Looking at the second element, North Carolina courts have held that motorists “owe a duty to all other persons using the highway, including its shoulders, to maintain a lookout in the direction in which the motorist is traveling." Therefore, if the driver was initially negligent, this shows that the driver “by the exercise of reasonable care could have discovered, the pedestrian's perilous position and his incapacity to escape from it before the endangered pedestrian suffered injury at his hands.”
The third and fourth elements of the last clear chance doctrine are more fact specific. For example, because the defendant motorist in Watson was driving within the speed limit and traveling around a curve, the motorist “could not have discovered plaintiff's perilous position until she drove out of the curve” and therefore “had neither the time nor the means to avoid the injury.”

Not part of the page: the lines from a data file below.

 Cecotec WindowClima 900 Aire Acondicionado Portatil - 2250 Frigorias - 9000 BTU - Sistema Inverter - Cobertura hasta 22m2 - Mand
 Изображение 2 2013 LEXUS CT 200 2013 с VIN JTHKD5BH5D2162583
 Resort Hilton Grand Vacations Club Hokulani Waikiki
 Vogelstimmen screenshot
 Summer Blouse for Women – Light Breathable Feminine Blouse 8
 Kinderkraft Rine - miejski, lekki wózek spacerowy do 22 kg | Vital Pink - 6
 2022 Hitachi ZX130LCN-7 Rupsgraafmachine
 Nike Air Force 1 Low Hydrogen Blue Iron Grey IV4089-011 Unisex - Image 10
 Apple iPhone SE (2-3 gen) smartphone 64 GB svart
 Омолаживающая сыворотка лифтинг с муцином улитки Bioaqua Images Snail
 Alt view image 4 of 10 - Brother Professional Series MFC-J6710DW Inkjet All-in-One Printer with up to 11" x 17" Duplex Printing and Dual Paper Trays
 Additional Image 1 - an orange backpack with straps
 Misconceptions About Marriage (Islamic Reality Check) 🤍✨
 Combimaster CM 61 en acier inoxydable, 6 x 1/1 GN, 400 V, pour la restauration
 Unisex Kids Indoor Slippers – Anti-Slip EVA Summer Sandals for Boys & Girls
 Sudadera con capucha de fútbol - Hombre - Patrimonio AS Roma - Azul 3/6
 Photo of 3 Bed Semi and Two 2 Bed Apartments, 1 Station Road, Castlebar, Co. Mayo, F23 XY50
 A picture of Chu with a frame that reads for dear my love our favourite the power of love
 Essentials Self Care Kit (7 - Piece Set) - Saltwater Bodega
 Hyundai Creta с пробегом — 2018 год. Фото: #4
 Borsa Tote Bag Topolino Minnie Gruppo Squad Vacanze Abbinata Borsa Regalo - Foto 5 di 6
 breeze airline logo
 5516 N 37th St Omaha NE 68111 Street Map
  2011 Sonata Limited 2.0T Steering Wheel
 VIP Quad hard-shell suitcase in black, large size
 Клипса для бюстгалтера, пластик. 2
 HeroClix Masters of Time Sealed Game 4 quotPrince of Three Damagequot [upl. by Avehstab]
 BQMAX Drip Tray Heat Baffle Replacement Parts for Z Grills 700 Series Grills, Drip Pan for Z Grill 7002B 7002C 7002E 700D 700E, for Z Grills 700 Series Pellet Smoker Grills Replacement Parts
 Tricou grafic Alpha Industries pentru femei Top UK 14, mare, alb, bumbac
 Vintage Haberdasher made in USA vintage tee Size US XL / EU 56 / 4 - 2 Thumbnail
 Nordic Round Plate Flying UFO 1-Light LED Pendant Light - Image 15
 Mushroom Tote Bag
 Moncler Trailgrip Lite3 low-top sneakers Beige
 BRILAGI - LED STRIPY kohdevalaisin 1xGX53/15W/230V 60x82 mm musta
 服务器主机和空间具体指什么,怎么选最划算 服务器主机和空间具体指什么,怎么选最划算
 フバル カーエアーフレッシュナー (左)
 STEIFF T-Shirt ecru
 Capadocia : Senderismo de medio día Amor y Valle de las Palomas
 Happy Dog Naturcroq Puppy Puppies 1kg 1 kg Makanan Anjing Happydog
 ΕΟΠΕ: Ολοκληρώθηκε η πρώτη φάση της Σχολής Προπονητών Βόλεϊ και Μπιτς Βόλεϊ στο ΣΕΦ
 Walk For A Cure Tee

If we apply the facts of the news report to these elements and assume there was some additional fact that indicates the driver’s negligence, it is still possible that the driver’s claim that he did not see the pedestrian would mean that he “could not have discovered [the] plaintiff's perilous position” until it was too late to stop or swerve and therefore “had neither the time nor the means to avoid the injury.” If this was the case, the pedestrian would not be able to use the last clear chance doctrine as an exception to her contributory negligence.